Tech blog post: the practical problems of trimming hashes
During investigations, the Dutch Data Protection Authority (Dutch DPA) regularly deals with organisations that indicate that they process anonymous data (and therefore, not personal data) because the data has been ‘hashed and trimmed’. In practice, the DPA often finds that organisations make mistakes using this form of anonymization, meaning the data is not actually anonymous. In this blog post, DPA technicians, Victor Klos and Jonathan Ellen, expand upon this topic for those who are tech-enthusiasts.
Please note: the correct application of the techniques mentioned here is difficult and often context and case dependent. Therefore, this blog post cannot be used as technical or legal advice.
k-anonymity
A commonly used method to anonymise data is k-anonymity. Here you change a dataset so that any combination of attributes always occurs at least k times.
Under the right circumstances and when k is large enough, it becomes impossible to single out an individual. After all, every person is part of a group with (k-1) others that share the same attributes.
Trimming
One way to create groups is by rounding attributes. For example, if you round down all ages from a dataset to groups of tens, clusters will arise automatically. A person who is 29 will be part of the same group as a person who is 21 or someone who is 27, namely the 20s age group.
With a bit of imagination, you can also do this edit by trimming. Take, for example, the age of 26. Trimming off 1 symbol, from the right, results in the age of 2.
After trimming, everyone of an age between 20-29 again falls into the same group. (Depending on the application, you can add another symbol after cutting, like a 0, but that doesn't change the effect.)
Hashing First
It is a different situation when you have an identifier of a person or person-related device, such as a phone number, IP-address, MAC-address, IMSI-number or something similar.
For example, through a trimmed IP-address you can still see which internet provider a person has or even sometimes in which area a person lives. In order to avoid inferences such as these, this type of data is often hashed.
Image of hashing phonenumbers
Also note that it often makes no difference to the possibility of singling out individuals whether identifiers themselves have meaning (IP-addresses, IMSI-numbers, MAC-addresses, etc.) or are meaningless (hash values, random numbers or symbol series, etc.).
Trimming Hashes
Hash values are not random, even if they look like they are. What also stands out is that they are made up of many symbols. In other words: there are a lot of possible hash values.
And that’s the pitfall too: although there are many possible outcomes, there is usually only a limited number of inputs. To put it a bit more formally: in practice, the range of the hash function is many times greater than the domain.
In total, about 54 million mobile phone numbers have been issued in the Netherlands. That sounds like a lot, but this is only a tiny fraction of the possible sha256-hashes. And that is where our intuition fails us.
By trimming 2 symbols off an unhashed phone number, groups of up to 100 phone numbers can be made. Depending on how many numbers are in the dataset, this might result in k > 1.
Further research will then have to be done to reveal whether trimming off 2 symbols is sufficient, or whether 3, 4 or even more need to be trimmed, possibly depending on the number sequence.
The situation after hashing is quite different.

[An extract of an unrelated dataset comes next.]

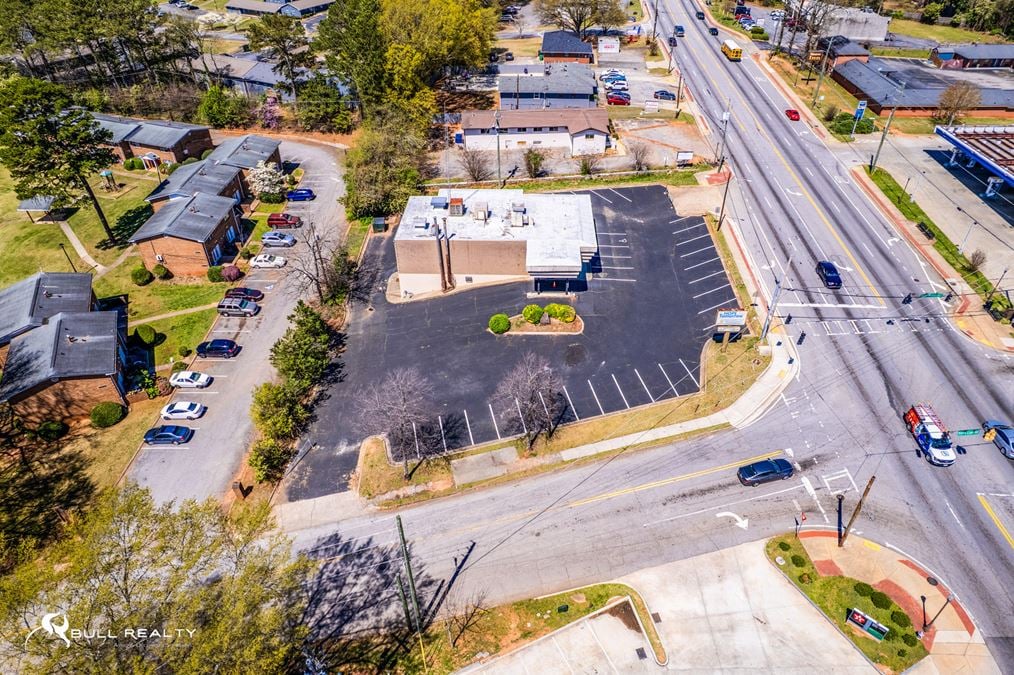 Freestanding Retail Building on Candler Road | ± 6,000 SF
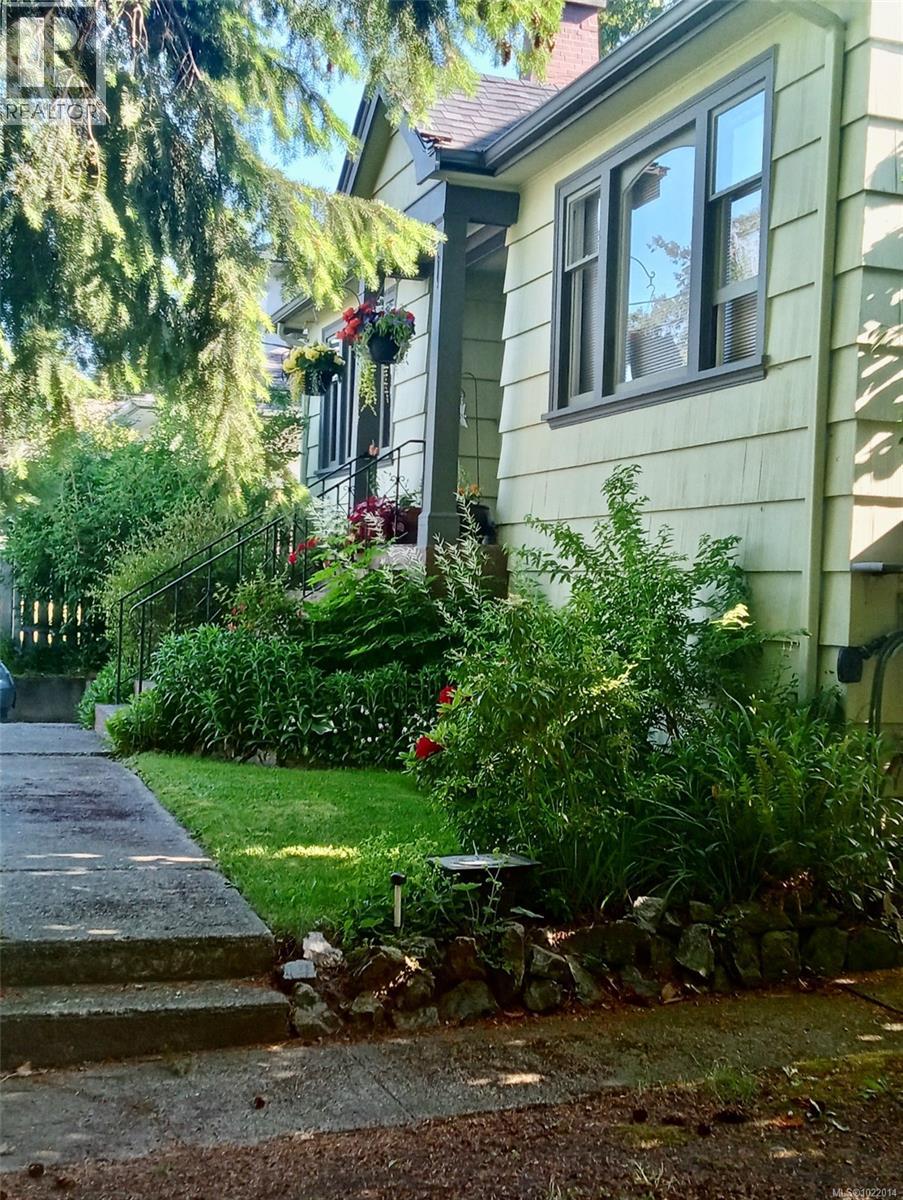 3681 Elliston Ave, Saanich, British Columbia  V8X 1R9 - Photo 28 - 1022014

In this case each hash value is still unique, even after some symbols have been trimmed off.
Image of hashed phone numbers where some symbols have been trimmed off
But how much do you have to trim off to make hashed attribute groups? The answer depends on the dataset, but in many cases: almost all of it.
For example, take the first phone number from the figure above. Even though the first phone number only differs 1 digit from the second phone number, the hash values are completely different.
And if the entire dataset were to be similar to the 4 example phone numbers, it even becomes impossible to create groups by trimming off symbols from hashed phone numbers.
Therefore, the right question is not how much you have to trim off, but how much you can save.
Because what is the consequence of trimming too few symbols off of hashed attributes? A dataset that still contains personal data.
Insufficient trimming of hash values leaves unique identifiers. And thus, one cannot speak of anonymised data.